Ao senhor da praia-
Eu estava em um dia daqueles que tudo de bom poderia não acontecer. Sentei-me frente ao mar de olhos fechados, me habituei a pensar que assim a tensão diminui. Até que uma voz desafinada, porém confiante me soou aos ouvidos. Abri meus olhos e custei a acreditar no que vi. Um senhor de uns 48 anos, barba grande, cabelos despenteados, de pés descalços e mãos calejadas, sentado na areia cantando. Ele mal tinha roupas, sua camisa com as mangas rasgadas e uma velha frase desbotada: "Human Rights" (Direitos Humanos). Ele poderia estar cantando qualquer música, mas aquela letra era a sintonia perfeita que nem eu mesma com tantos problemas a menos que ele lembraria de cantar. Ao reparar que lhe notei, ele sorrindo mexeu em sua sacolinha de plástico e pegou um litro, tomou dois goles e voltou a cantar. Pensei naquele instante que deveria ser mais um bêbado qualquer. Só não sabia como ele conseguia cantar tanto sem se quer errar a letra.Tornou-se a remexer sua sacola e pegou um pedaço de pão, que por sinal aparentava ter dias ali. Ele então,olhou em minha direção e fez um gesto de paz com as mãos. Olhei para trás para ter certeza de que era comigo, e parecia ser, pois a única amante de sua música ali no instante era eu. Me envolvi tanto naquele momento que nada mais me lembrava "o não poder", " o não conseguir", "o não ser"... Como podia aquele senhor tão sozinho, frágil, de pés descalços cantar e ainda representar com gestos, a paz?.

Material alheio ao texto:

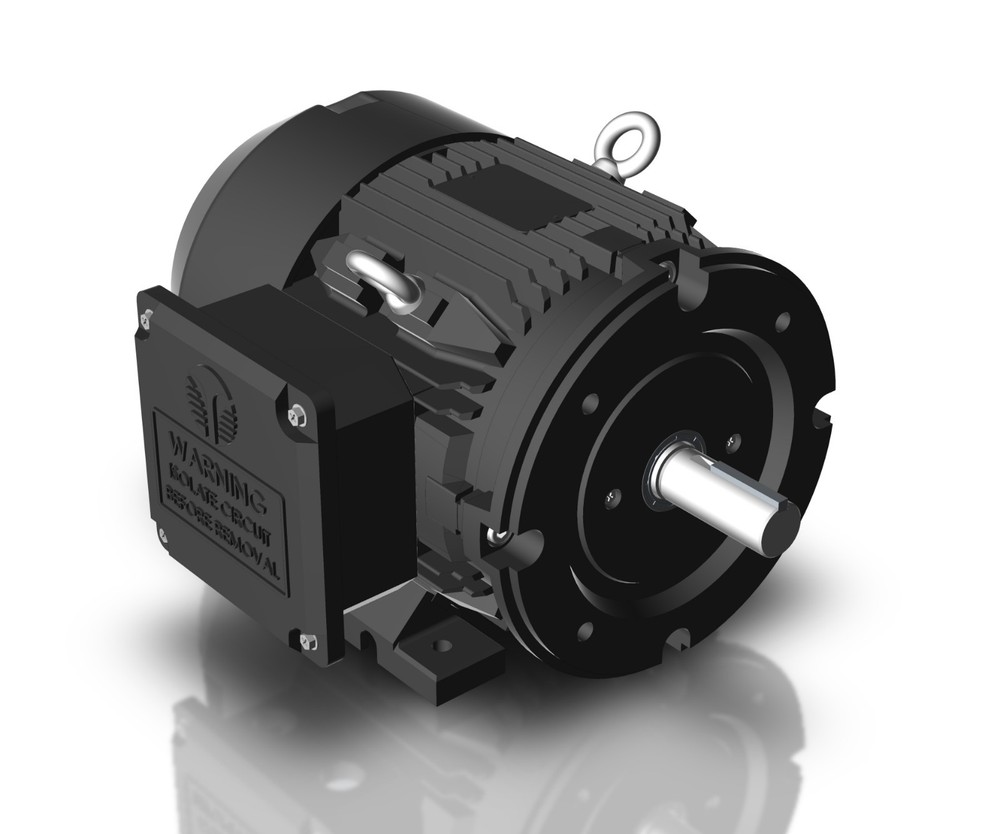 Techtop Electric Motor 7.5 HP 1800 Rpm 3-PH 230/460 Volt 213TC Frame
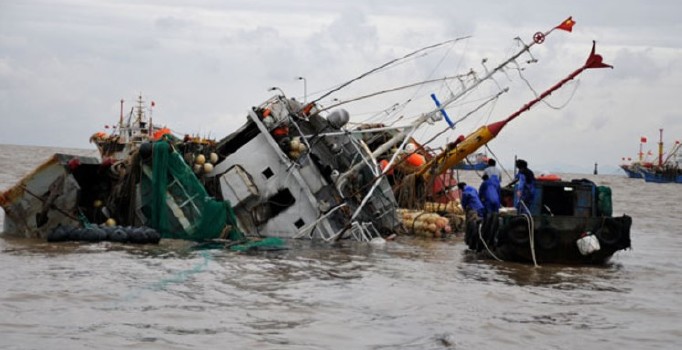Çin’de gemi kazası: 3 kişi öldü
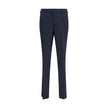 Lardini Blue Fleece Wool Chino Pants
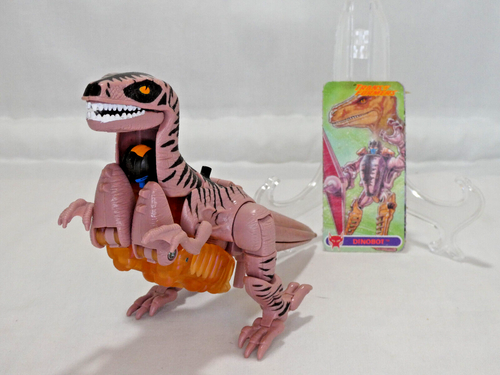 Beast Wars Transformers Dinobot Deluxe Heroic Maximal Velociraptor No Mask 1995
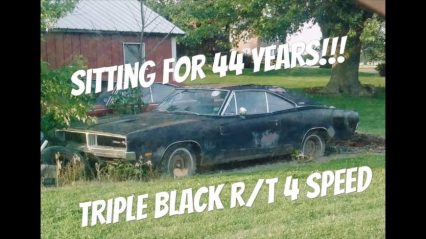 Persistence Ends up Landing Barn Find Enthusiasts Sweet Deal on 69 Charger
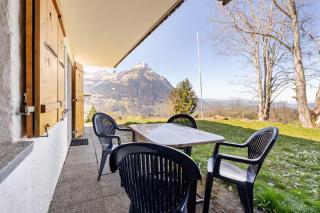 Chalet In The Alps With Mountain View Garden - Reichenbach - 6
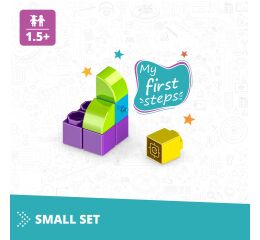 ENGINO Stavebnice BABY QBOIDZ - MY FIRST STEPS set malý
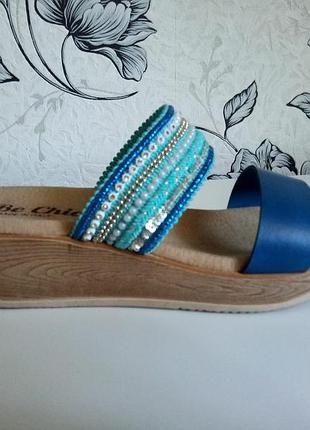 Шлепанцы be chic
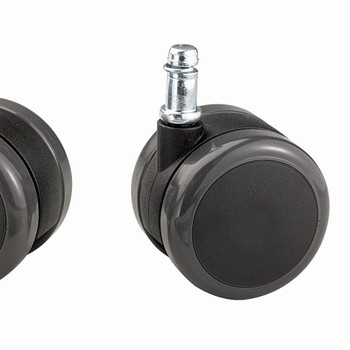 2 Tone soft wheel Casters (set of 5)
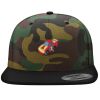Structured 6089 Flat Bill Snapback Hat Thumbnail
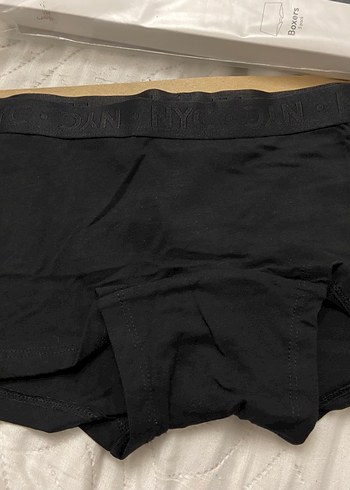 5li pamuklu kız boxer (H&M marka) - Görsel 6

Aos poucos ele levantou-se,jogou um pedaço de pão para uma cachorrinha e seguiu cantando :
" Tudo, Tudo pode acontecer,
Feche os olhos solte o seu prazer
Quando o sonho traz, a vida traz
Tudo Tudo pode o amor ganhar
passe o tempo, passe o que passar
a noite vem, o dia vai
Quando gira o mundo e alguém
chega ao fundo de um ser humano
Há uma estrela solta se alguém diz te amo
e uma esperança desce junto com a madrugada
Como o sol surgindo cada vez mais lindo pela nossa estrada
Esqueça o então o não e o talvez
Diga sim esta é a sua vez
o seu amor vai chegar
Quando gira o mundo e alguém chega ao fundo de um ser humano ..."

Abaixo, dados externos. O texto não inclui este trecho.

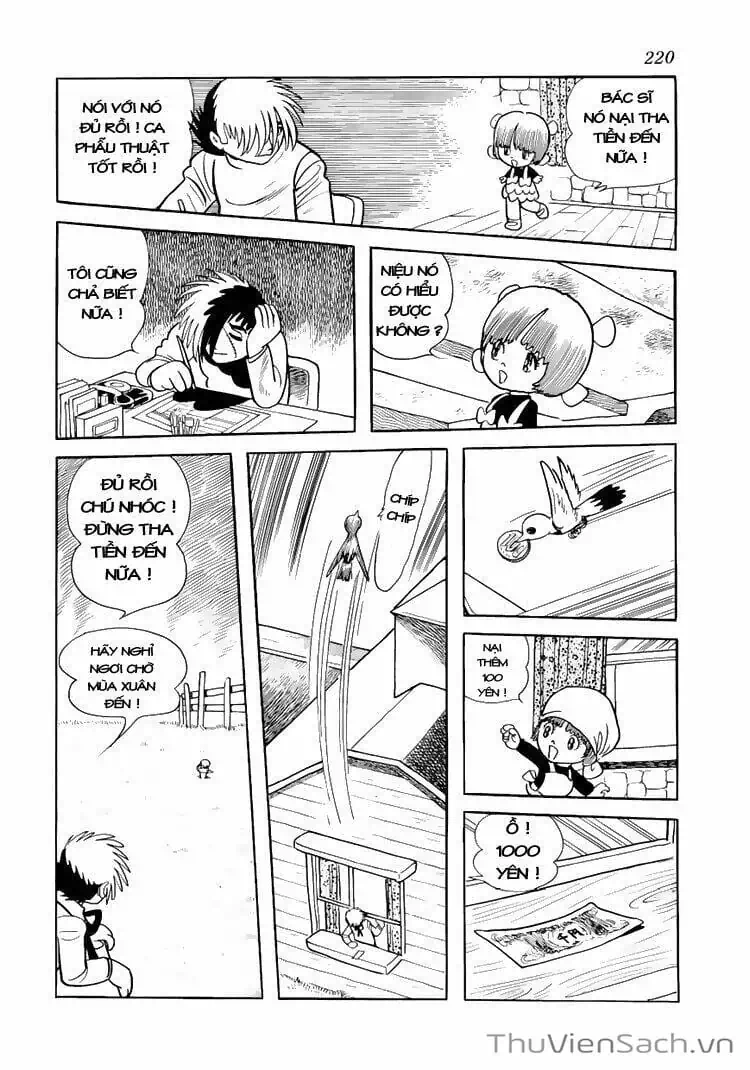 Truyện Tranh Bác Sĩ Quái Dị - Black Jack trang 3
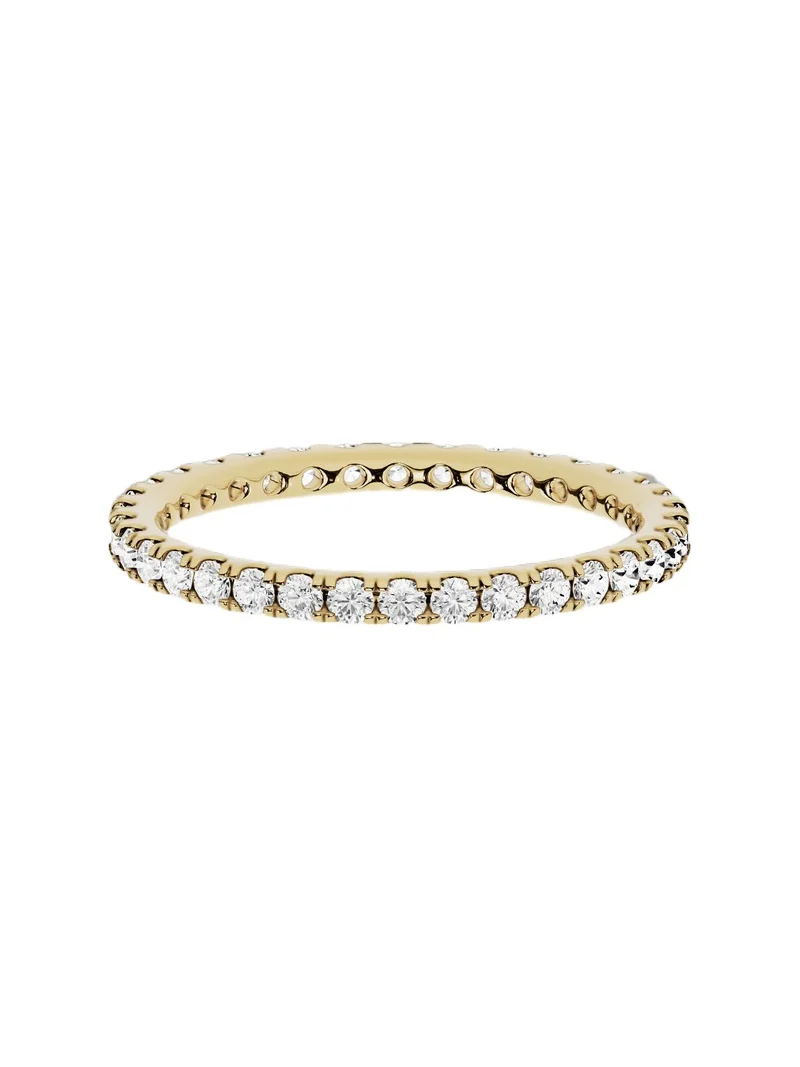 JF Lab - Round Cut Eternity Band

Ele nada se parecia com Fábio Jr. E nem se quer sabe deste relato a seu respeito, pois não tive tempo de lhe parabenizar por sua grandeza como ser humano, pois não é sempre que se dá uma lição de vida, usando uma velha camisa desbotada, uma sacolinha de pães, pés descalços, sem eira nem beira. Encantada!.